# [DATASET ENTRIES]
********

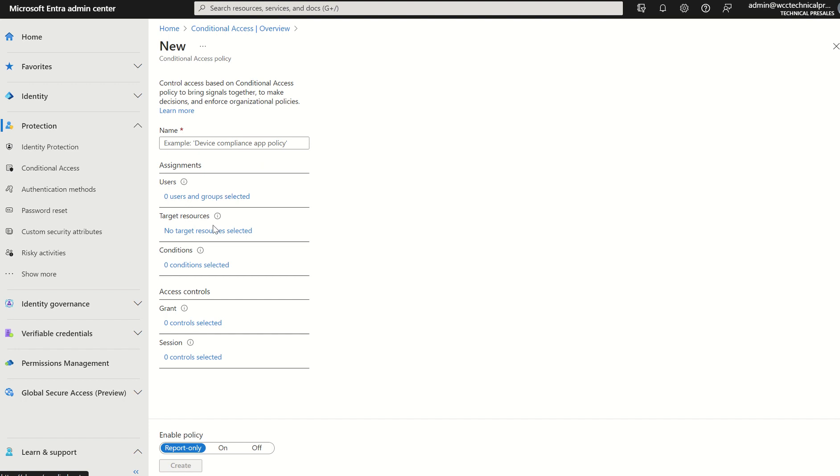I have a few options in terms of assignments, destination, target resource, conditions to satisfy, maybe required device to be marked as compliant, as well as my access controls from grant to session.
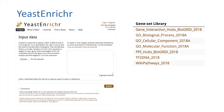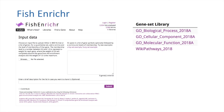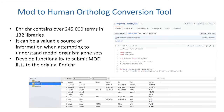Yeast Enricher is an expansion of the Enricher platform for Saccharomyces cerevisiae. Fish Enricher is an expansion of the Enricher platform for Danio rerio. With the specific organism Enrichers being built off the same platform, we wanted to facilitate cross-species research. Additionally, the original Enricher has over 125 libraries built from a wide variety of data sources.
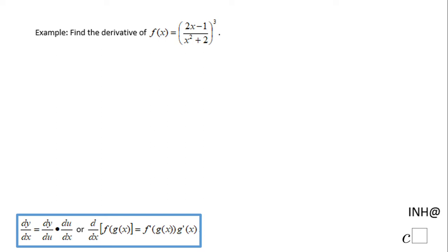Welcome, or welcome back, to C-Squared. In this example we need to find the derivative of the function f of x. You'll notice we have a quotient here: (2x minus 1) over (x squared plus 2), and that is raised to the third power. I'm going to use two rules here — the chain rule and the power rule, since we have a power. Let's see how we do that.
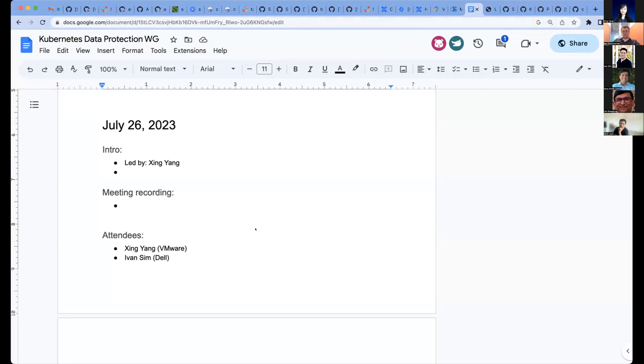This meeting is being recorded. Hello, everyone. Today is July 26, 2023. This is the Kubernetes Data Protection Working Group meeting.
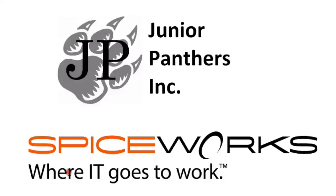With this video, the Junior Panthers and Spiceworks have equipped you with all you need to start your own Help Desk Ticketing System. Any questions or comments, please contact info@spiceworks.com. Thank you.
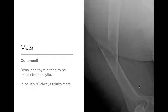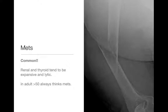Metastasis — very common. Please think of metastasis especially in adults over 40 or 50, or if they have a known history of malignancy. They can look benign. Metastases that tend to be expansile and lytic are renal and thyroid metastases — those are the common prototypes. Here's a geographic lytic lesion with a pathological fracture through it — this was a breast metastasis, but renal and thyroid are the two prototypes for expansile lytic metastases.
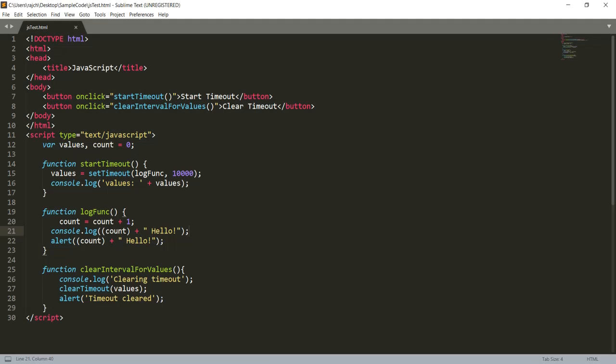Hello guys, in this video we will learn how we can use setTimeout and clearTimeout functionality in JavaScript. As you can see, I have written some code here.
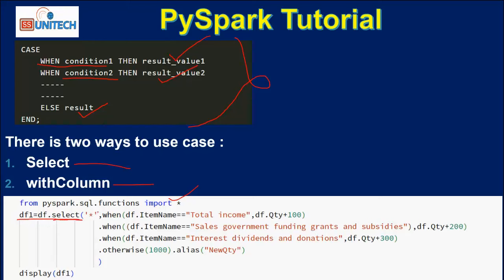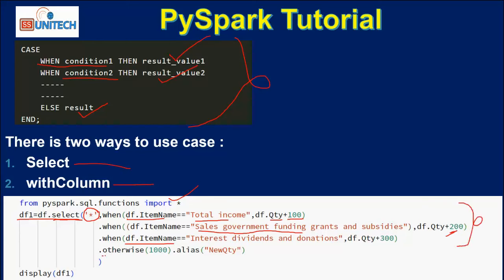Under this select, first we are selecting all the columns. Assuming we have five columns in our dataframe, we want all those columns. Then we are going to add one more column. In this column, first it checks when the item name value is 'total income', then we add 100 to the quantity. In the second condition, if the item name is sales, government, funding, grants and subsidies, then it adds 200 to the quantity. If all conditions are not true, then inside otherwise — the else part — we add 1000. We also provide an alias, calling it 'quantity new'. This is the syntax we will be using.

********

# [YOUR INSTRUCTIONS]
The entries are to be written out again exactly, though without any images.

# [RESPONSE BOX]
I have a few options in terms of assignments, destination, target resource, conditions to satisfy, maybe required device to be marked as compliant, as well as my access controls from grant to session.
Yeast Enricher is an expansion of the Enricher platform for Saccharomyces cerevisiae. Fish Enricher is an expansion of the Enricher platform for Danio rerio. With the specific organism Enrichers being built off the same platform, we wanted to facilitate cross-species research. Additionally, the original Enricher has over 125 libraries built from a wide variety of data sources.
Welcome, or welcome back, to C-Squared. In this example we need to find the derivative of the function f of x. You'll notice we have a quotient here: (2x minus 1) over (x squared plus 2), and that is raised to the third power. I'm going to use two rules here — the chain rule and the power rule, since we have a power. Let's see how we do that.
This meeting is being recorded. Hello, everyone. Today is July 26, 2023. This is the Kubernetes Data Protection Working Group meeting.
With this video, the Junior Panthers and Spiceworks have equipped you with all you need to start your own Help Desk Ticketing System. Any questions or comments, please contact info@spiceworks.com. Thank you.
Metastasis — very common. Please think of metastasis especially in adults over 40 or 50, or if they have a known history of malignancy. They can look benign. Metastases that tend to be expansile and lytic are renal and thyroid metastases — those are the common prototypes. Here's a geographic lytic lesion with a pathological fracture through it — this was a breast metastasis, but renal and thyroid are the two prototypes for expansile lytic metastases.
Hello guys, in this video we will learn how we can use setTimeout and clearTimeout functionality in JavaScript. As you can see, I have written some code here.
Under this select, first we are selecting all the columns. Assuming we have five columns in our dataframe, we want all those columns. Then we are going to add one more column. In this column, first it checks when the item name value is 'total income', then we add 100 to the quantity. In the second condition, if the item name is sales, government, funding, grants and subsidies, then it adds 200 to the quantity. If all conditions are not true, then inside otherwise — the else part — we add 1000. We also provide an alias, calling it 'quantity new'. This is the syntax we will be using.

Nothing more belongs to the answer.